We can fear the war and act for the climate: urgency is not a race, but a shared responsibility

There is something deeply human in fearing what explodes, what screams, what suddenly breaks down. It is instinctive.

The wars – especially those nuclear – They do this: they cancel, devastate, break the illusion of control. Perhaps this is why, today, the idea of ​​an atomic attack than that, now usual, of a summer without water, of a halved harvest, of a flood, where a neighborhood was a neighborhood, returns to us. Of an expanse of embers where it once breathed (and made us breathe) a forest.

Mark Lynasa scientific writer and popularizer involved in the fight against the climatic crisis for years, has recently declared that nuclear war today represents a greater threat than environmental collapse. He did it after three years of in -depth study, told in his latest book, and nobody can liquidate his thesis lightly. “There are no adaptation options for a nuclear war,” reports the Guardian. “Nuclear winter will practically kill the entire human population.”

It is difficult to disagree. And it is easy to let yourself be attempted by a risk ranking, as if you could really decide which catastrophe deserves more attention, more resources, more fear.

Yet this comparison between climatic crisis and nuclear threat risks becoming a dangerous game. Not because atomic war is not a real risk – it is – but because it takes energy from understanding what we are already living. Climate change is not a future hypothesis: it is chronicle, here and now. And every day more without action makes it a deeper, more irreversible, more unfair problem.

The climatic crisis does not have (or, better, not always) the roar of the sirens or the blinding glow of an incoming head. He often acts in silence. And precisely because it does not scream, it ends up being forgotten every time another emergency takes the center of the scene. But the two dangers are not excluded each other. Indeed, they feed. The growing scarcity of natural resources – water, food, habitable lands – is already an instability multiplier, an engine of regional conflicts, a pretext for new geopolitical tensions.

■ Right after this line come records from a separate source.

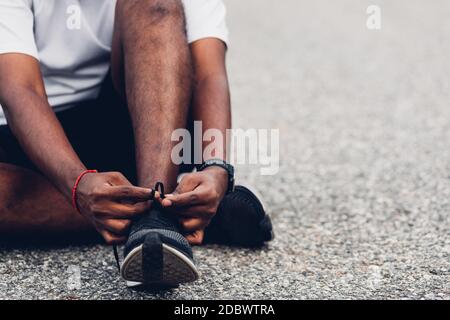 Gros plan asiatique coureur sportif noir homme assis chaussures de course à pied essayer des chaussures de course à pied se préparer pour le jogging et courir dans la rue extérieure, exercice de santé W Banque D'Images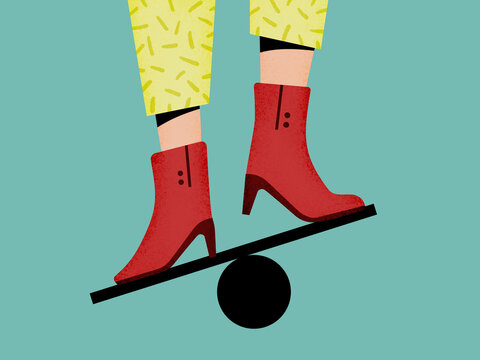 Faceless woman balancing on ball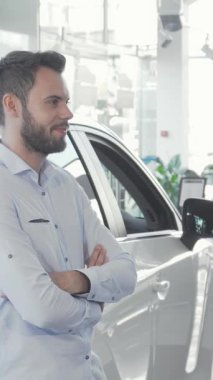 Kendine güvenen genç beyaz bir adam parlak, parlak yeni aracının yanında duruyor, elinde parlak bir gülümsemeyle arabanın anahtarlarını tutuyor. Parlak, modern galeri, arabanın üzerinde büyük kırmızı bir fiyonk ile süslenmiş, heyecan ve yeni sahiplik sevinci yayıyor, izleyicileri davet ediyor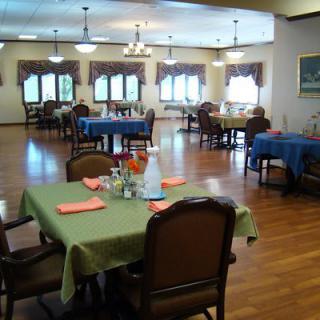 A spacious dining room with neatly arranged tables and chairs, featuring a wooden floor and elegant decor.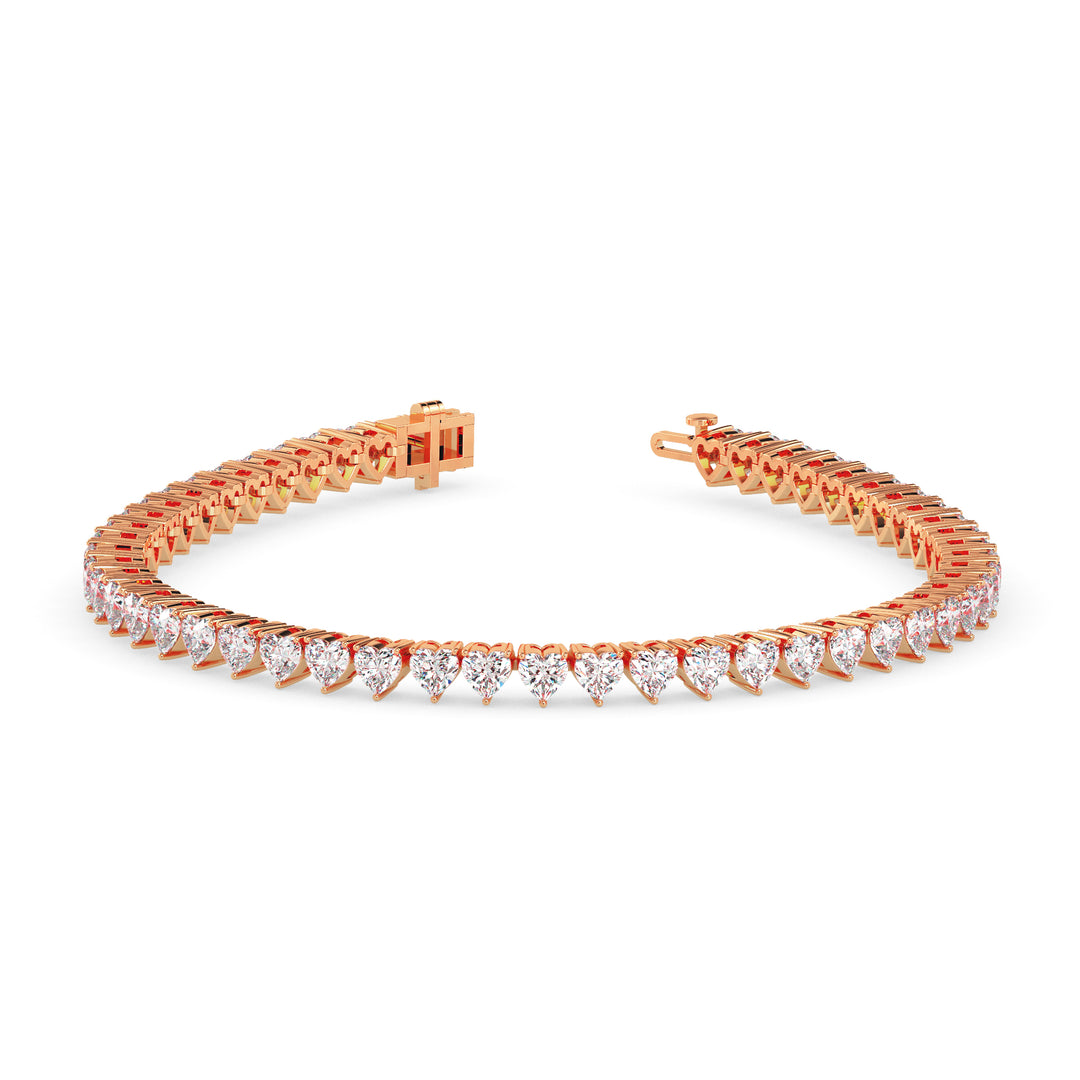Rose gold bracelet with diamonds on a white background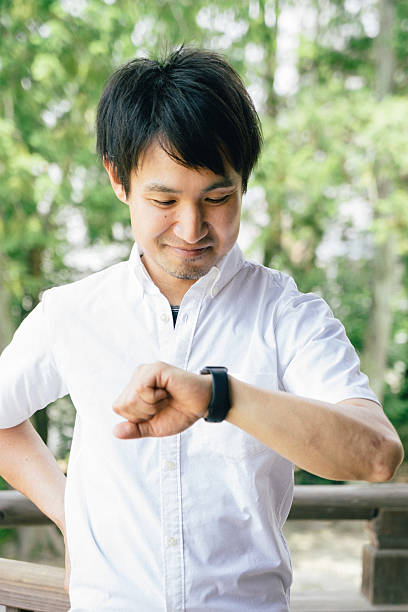 istock Japanese cheerful man using a smart watch outdoors 579404252
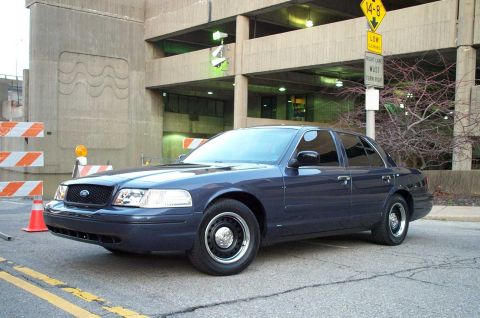 1998 Ford Crown Victoria - With the snow and rain, River Road is living up to it's name.
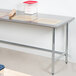 An Advance Tabco stainless steel work table with dough and a rolling pin on it.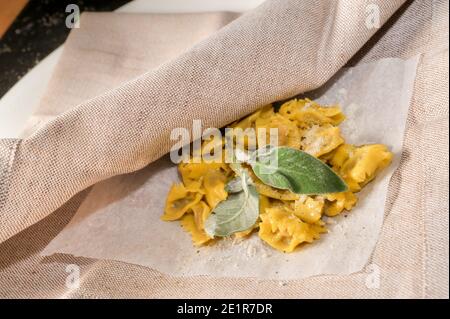 Ravioli del Plin typisch piemontesische gefüllte Pasta aus der Langhe gewürzt mit Butter und Salbei und Parmesan, traditionell auf Serviette serviert Stockfoto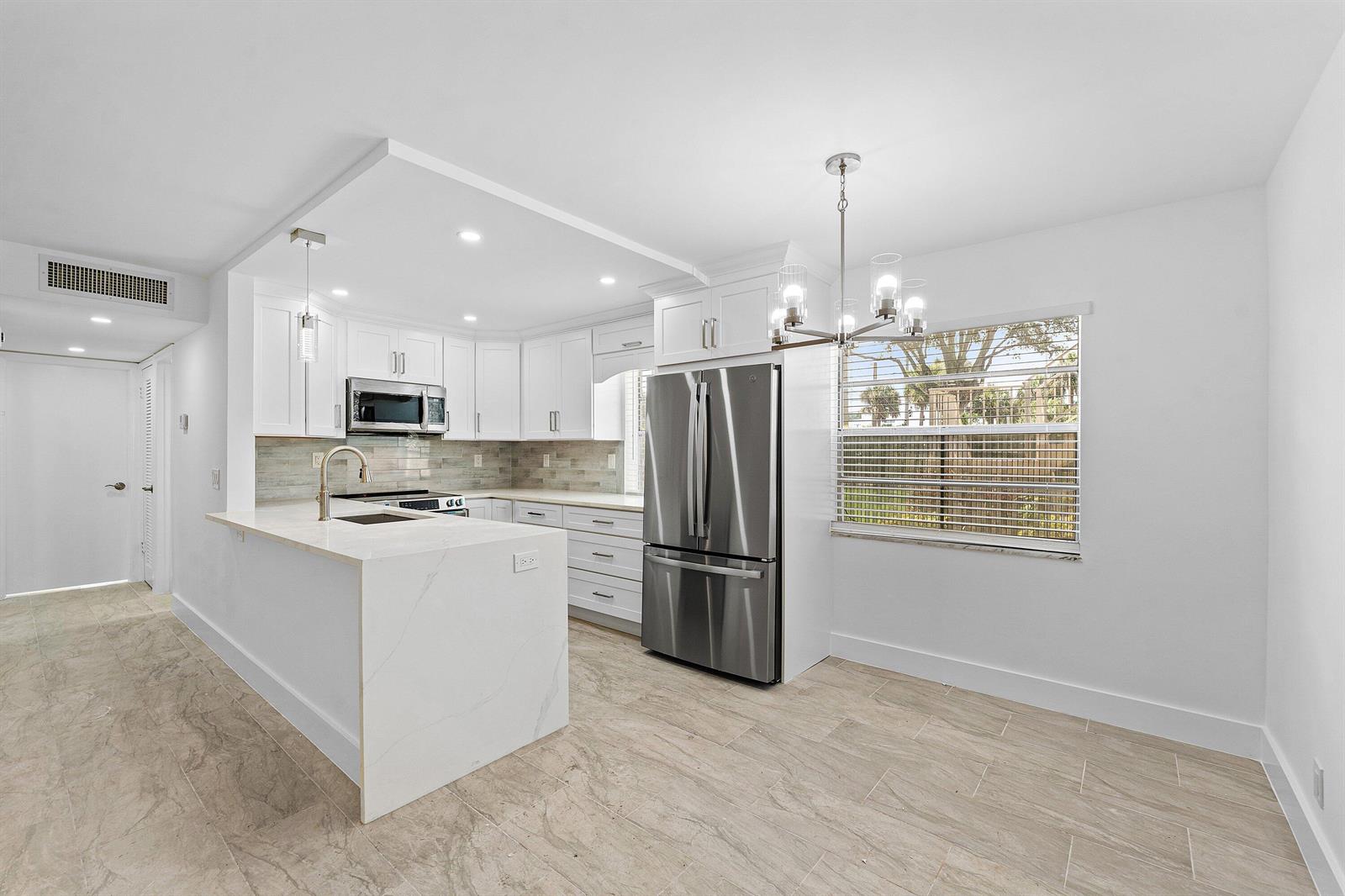 A modern kitchen features white cabinets, stainless steel appliances, a marble island, and tile flooring — 790 Burgundy Q, Delray Beach FL 33484, DELRAY BEACH, FL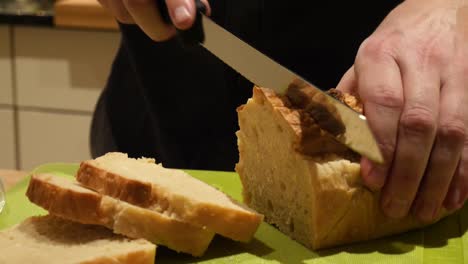A-white-male-hand-model-is-slicing-fresh-baked-toast-bread-on-a-green-cutting-board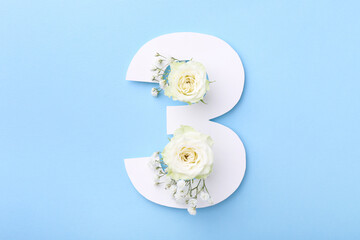 Paper number 3 and beautiful flowers on light blue background, top view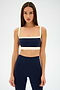 A woman with straight brown hair wears the SPLITS59 Monah Rigor Bra in Indigo/Creme, standing against a plain white background.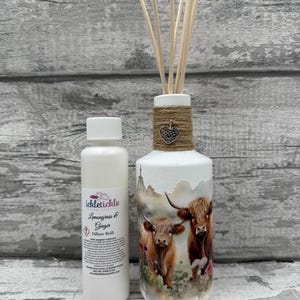 Peut inclure: Un diffuseur blanc avec un motif de vache Highland, des détails en ficelle et des bâtonnets en bois. Une bouteille de recharge avec le texte "Lemongrass & Ginger" est à côté. Article de parfum d'intérieur.
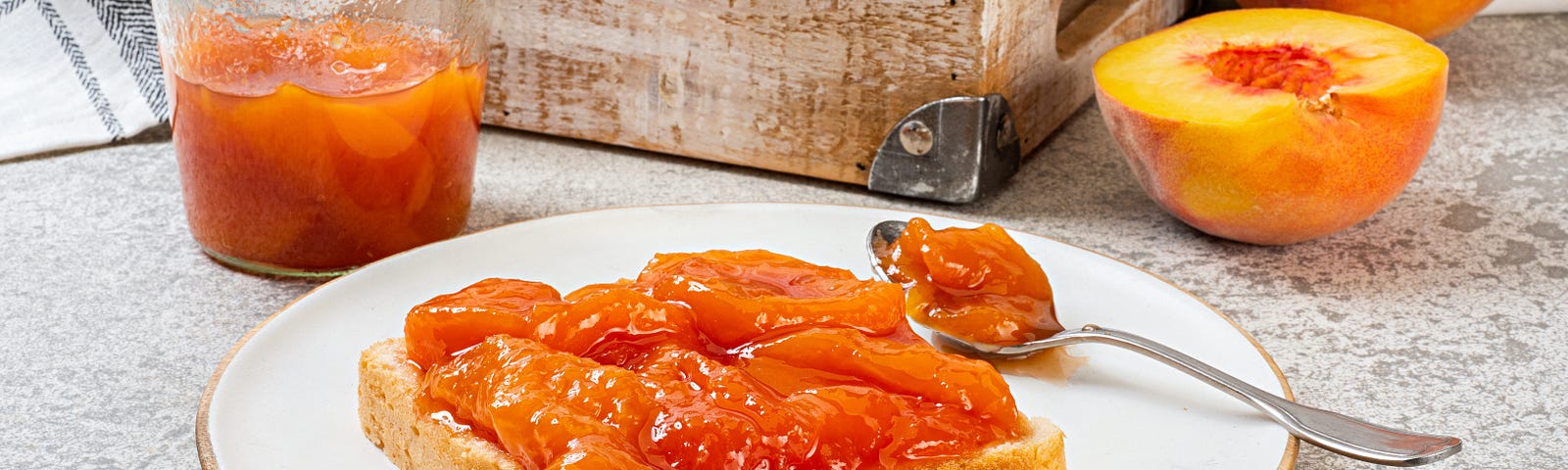 A slice of bread with peach jam on it on a plate in front of a small wooden basket with peaches (whole and halved) in it.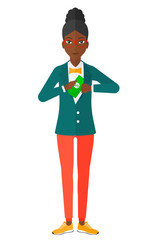 Woman putting money in pocket.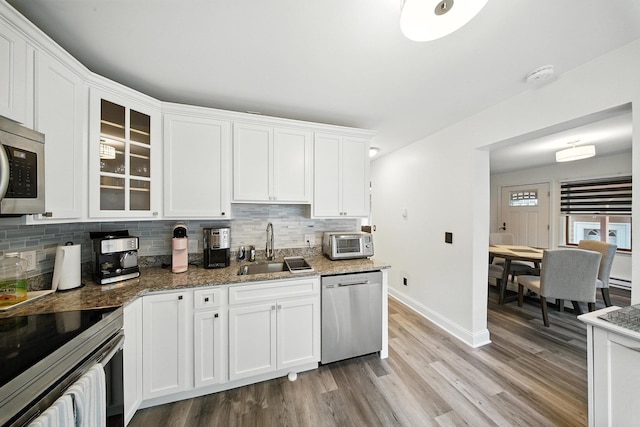 2 Woodland Way N, Ellenville, NY 12428 - kitchen featuring appliances with stainless steel finishes, light wood-style flooring, tasteful backsplash, and white cabinetry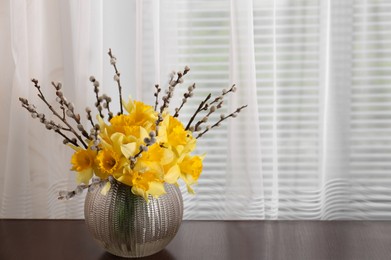 Bouquet of beautiful yellow daffodils in vase on table. Space for text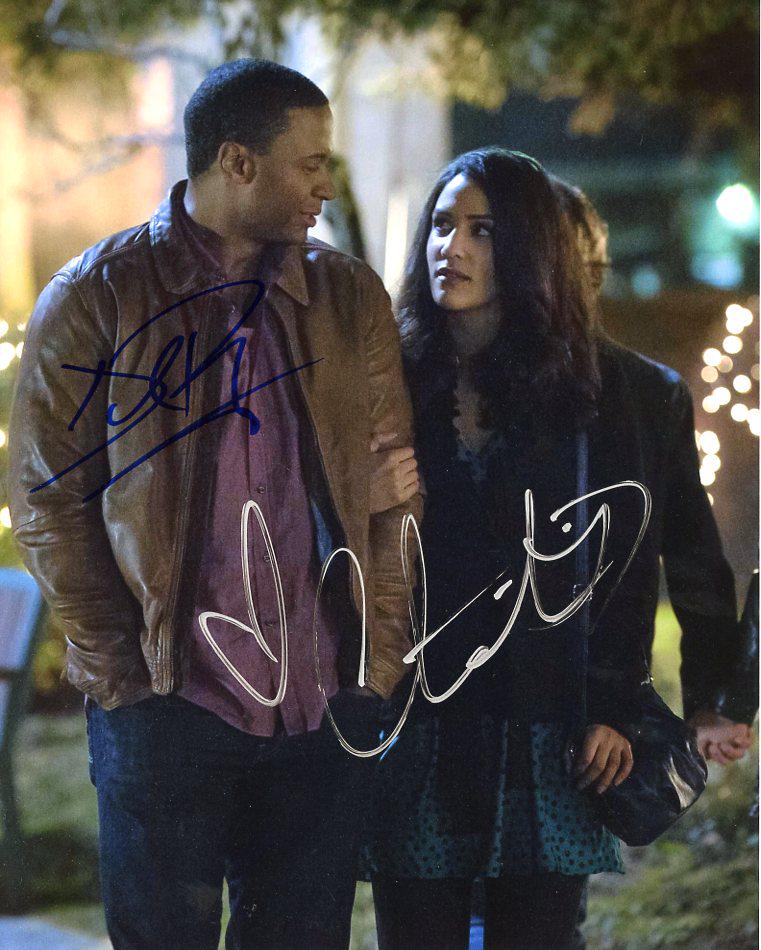 David Ramsey / Christie Liang ARROW In Person Signed: David Ramsey / Christie Liang in person signed autographed photo from the TV series ARROW. David Ramsey as the character John Diggle. Christie Liang as the character Carly Diggle. Photo size is 8 x 10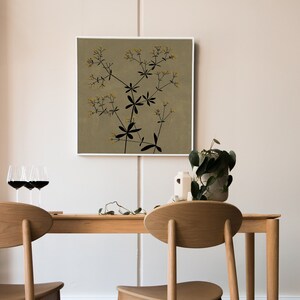 May include: A framed print of a black and white botanical illustration of a plant with yellow flowers on a beige background. The print is hanging on a wall above a wooden table with two chairs.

Europe and the fear of great collapse

In this context, the growing concerns of the Europeans should not be underestimated. A YouGov survey Last April shows that between 41% and 55% of the inhabitants of Western Europe consider the outbreak of a third world war in the next ten years. A feeling that is accompanied by distrust in defense systems, restlessness for relations with the United States and growing fear towards Russia, identified as the main threat.

But it’s not just a matter of missiles. What emerges is a crisis of trust in the future. In diplomacy, in institutions, in the very possibility of keeping peace, security and climatic justice together. In an era of automatic and arsenal weapons ready to launch, it is perhaps understandable that the echo of the atomic mushroom frightens more than the breath of the planet. But right here is the deception.

Stop worrying would be the real risk

It is not disaster theory: a restless Europe, an jammed diplomacy and a climate that continues to change under our eyes are the signs of a dangerous convergence. The real trap is not the comparison between threats, but the distraction. Think that we can face a risk at a time. That there is time for the climate after the war. That it is enough to turn off a fire to forget the drought.

The truth, unfortunately, is that neither of the two threats can be faced by itself. Nuclear security requires treaties, controls, patient diplomacy. The climatic crisis requires a structural, global, immediate change. Both require political responsibility, collective consciousness and courage. And if there is a lesson that we can draw from the renewed fear of the atomic apocalypse, it is this: the worst disasters are avoided only when refusing to consider them inevitable.

A future to save, in all its forms

The risk exists, but it is not yet fate. Weapons can be dismantled, reduced emissions, reconstructed cooperation. The treaties are not unnecessary paper, if someone decides to respect them. Speaking only about escalation generates resignation. Also telling the output routes, can generate action.